DATA IN THIS EXERCISE —
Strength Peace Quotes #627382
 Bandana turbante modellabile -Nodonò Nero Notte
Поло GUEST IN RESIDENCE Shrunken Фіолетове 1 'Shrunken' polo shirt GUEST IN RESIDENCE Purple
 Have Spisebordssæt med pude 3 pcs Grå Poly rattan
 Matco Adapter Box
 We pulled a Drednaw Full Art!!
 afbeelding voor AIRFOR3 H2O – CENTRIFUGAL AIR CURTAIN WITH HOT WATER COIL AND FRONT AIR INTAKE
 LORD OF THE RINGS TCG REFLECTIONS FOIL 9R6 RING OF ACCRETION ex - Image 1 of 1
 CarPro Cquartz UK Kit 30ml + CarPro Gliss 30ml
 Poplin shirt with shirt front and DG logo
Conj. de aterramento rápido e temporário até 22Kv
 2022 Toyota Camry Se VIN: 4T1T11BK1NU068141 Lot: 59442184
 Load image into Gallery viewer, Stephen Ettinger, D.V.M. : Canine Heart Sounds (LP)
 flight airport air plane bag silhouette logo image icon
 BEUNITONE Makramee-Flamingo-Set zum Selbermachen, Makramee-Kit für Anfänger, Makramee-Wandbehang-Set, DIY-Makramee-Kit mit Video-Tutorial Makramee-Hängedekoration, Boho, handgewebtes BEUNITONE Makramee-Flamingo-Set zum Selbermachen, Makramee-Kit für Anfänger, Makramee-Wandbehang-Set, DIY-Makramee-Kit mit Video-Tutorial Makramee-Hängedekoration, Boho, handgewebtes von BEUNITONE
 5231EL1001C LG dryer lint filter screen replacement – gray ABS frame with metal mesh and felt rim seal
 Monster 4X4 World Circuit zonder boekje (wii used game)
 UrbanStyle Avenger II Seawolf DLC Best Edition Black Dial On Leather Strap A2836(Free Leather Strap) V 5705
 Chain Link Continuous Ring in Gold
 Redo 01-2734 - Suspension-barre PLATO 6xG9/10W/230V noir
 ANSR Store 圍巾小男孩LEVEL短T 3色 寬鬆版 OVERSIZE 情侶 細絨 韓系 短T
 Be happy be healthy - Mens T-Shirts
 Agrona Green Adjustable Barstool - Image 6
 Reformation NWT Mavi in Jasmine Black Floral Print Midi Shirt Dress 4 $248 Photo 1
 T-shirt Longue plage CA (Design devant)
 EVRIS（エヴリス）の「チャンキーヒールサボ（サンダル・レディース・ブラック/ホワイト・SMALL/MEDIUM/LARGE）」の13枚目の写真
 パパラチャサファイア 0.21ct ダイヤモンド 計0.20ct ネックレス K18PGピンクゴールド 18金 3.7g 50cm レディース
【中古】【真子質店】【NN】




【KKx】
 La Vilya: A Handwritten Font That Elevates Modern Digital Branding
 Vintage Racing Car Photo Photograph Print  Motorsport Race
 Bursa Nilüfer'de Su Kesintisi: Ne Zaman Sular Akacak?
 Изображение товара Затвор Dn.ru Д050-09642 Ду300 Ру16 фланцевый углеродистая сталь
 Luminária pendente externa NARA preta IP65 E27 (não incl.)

EXERCISE DESCRIPTION — Please copy the line holding "UrbanStyle Avenger II" and all lines after it to the end of the records, exactly, and nothing else.

RESPONSE TO THIS EXERCISE —
 UrbanStyle Avenger II Seawolf DLC Best Edition Black Dial On Leather Strap A2836(Free Leather Strap) V 5705
 Chain Link Continuous Ring in Gold
 Redo 01-2734 - Suspension-barre PLATO 6xG9/10W/230V noir
 ANSR Store 圍巾小男孩LEVEL短T 3色 寬鬆版 OVERSIZE 情侶 細絨 韓系 短T
 Be happy be healthy - Mens T-Shirts
 Agrona Green Adjustable Barstool - Image 6
 Reformation NWT Mavi in Jasmine Black Floral Print Midi Shirt Dress 4 $248 Photo 1
 T-shirt Longue plage CA (Design devant)
 EVRIS（エヴリス）の「チャンキーヒールサボ（サンダル・レディース・ブラック/ホワイト・SMALL/MEDIUM/LARGE）」の13枚目の写真
 パパラチャサファイア 0.21ct ダイヤモンド 計0.20ct ネックレス K18PGピンクゴールド 18金 3.7g 50cm レディース
【中古】【真子質店】【NN】




【KKx】
 La Vilya: A Handwritten Font That Elevates Modern Digital Branding
 Vintage Racing Car Photo Photograph Print  Motorsport Race
 Bursa Nilüfer'de Su Kesintisi: Ne Zaman Sular Akacak?
 Изображение товара Затвор Dn.ru Д050-09642 Ду300 Ру16 фланцевый углеродистая сталь
 Luminária pendente externa NARA preta IP65 E27 (não incl.)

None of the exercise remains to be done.